> [DIRECTIONS FOR THIS TASK] Below are the records; extract from them the line containing "Atlanta, GA 30324" to the line containing "CHEESE GRATER STAINLESS STEEL", both lines included, exactly and with no pictures.

------ MATERIAL SHOWN ------

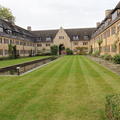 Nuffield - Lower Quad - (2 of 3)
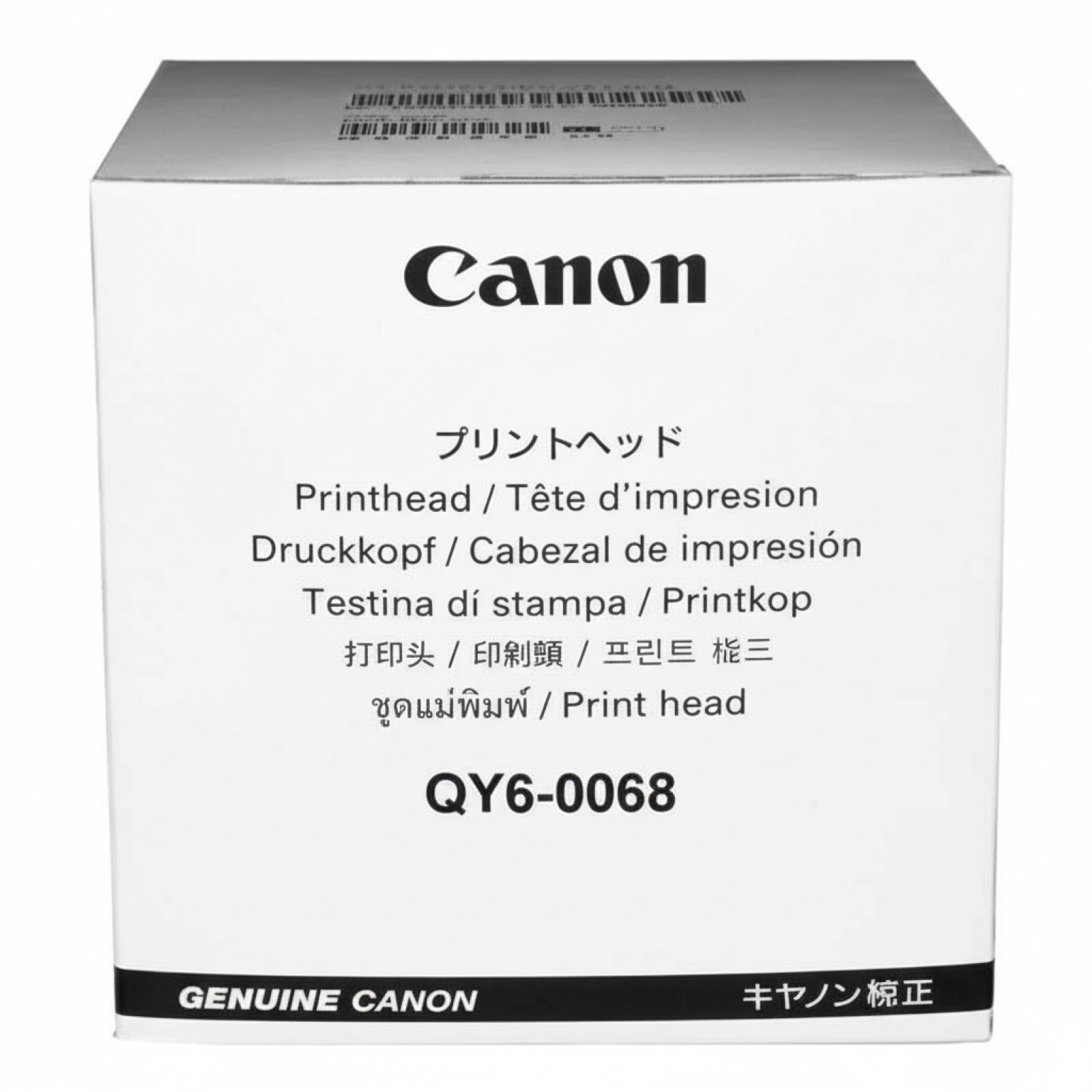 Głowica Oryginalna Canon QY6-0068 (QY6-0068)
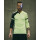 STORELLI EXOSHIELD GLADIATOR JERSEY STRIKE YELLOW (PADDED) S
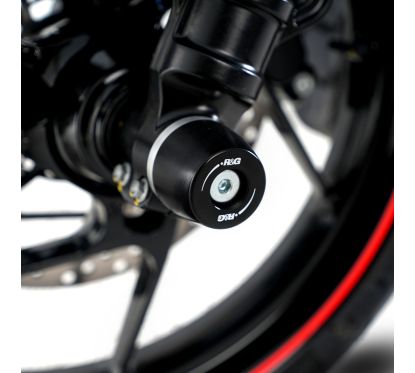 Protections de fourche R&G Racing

------
------ MATERIAL SHOWN ------

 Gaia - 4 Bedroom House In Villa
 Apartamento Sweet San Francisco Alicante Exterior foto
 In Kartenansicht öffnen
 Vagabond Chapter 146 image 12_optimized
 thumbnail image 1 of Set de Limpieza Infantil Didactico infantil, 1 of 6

------
------ MATERIAL SHOWN ------

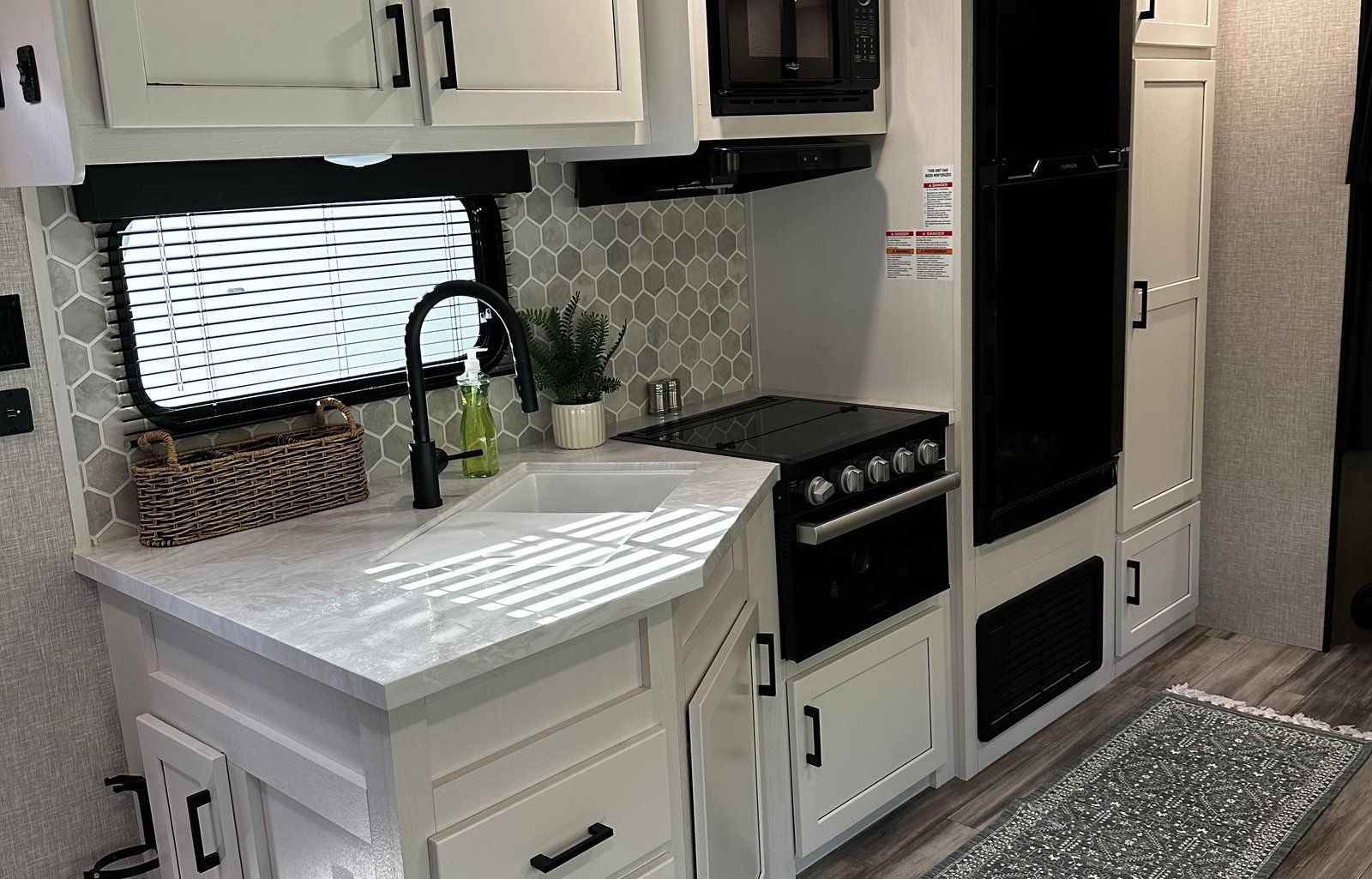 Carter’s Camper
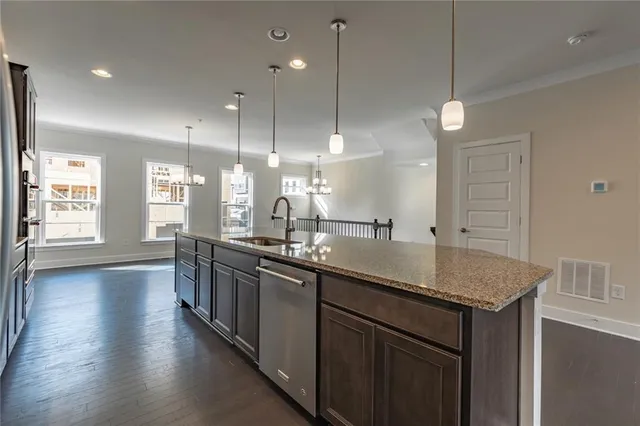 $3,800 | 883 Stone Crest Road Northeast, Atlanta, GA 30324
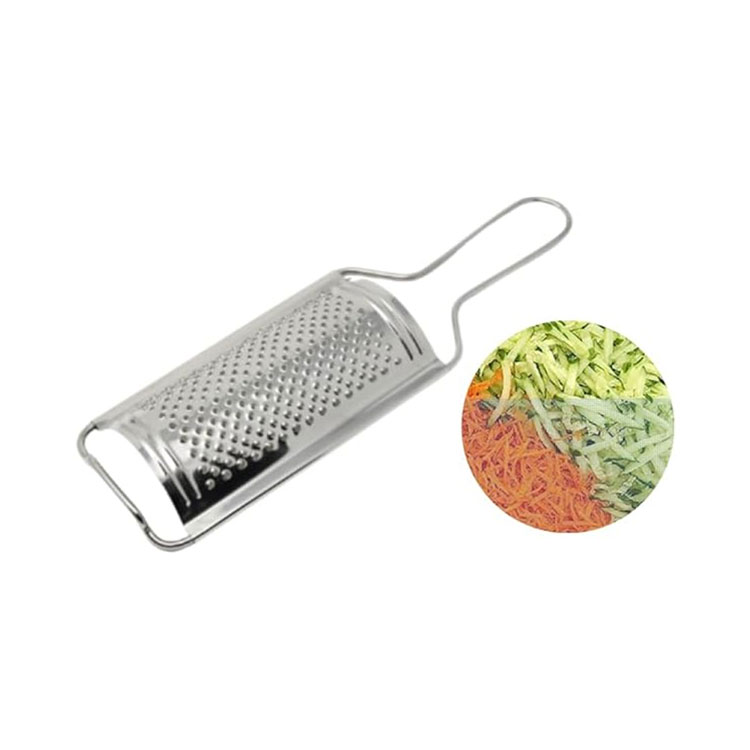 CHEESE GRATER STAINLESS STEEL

------

> [EXPECTED ANSWER]
 $3,800 | 883 Stone Crest Road Northeast, Atlanta, GA 30324
 CHEESE GRATER STAINLESS STEEL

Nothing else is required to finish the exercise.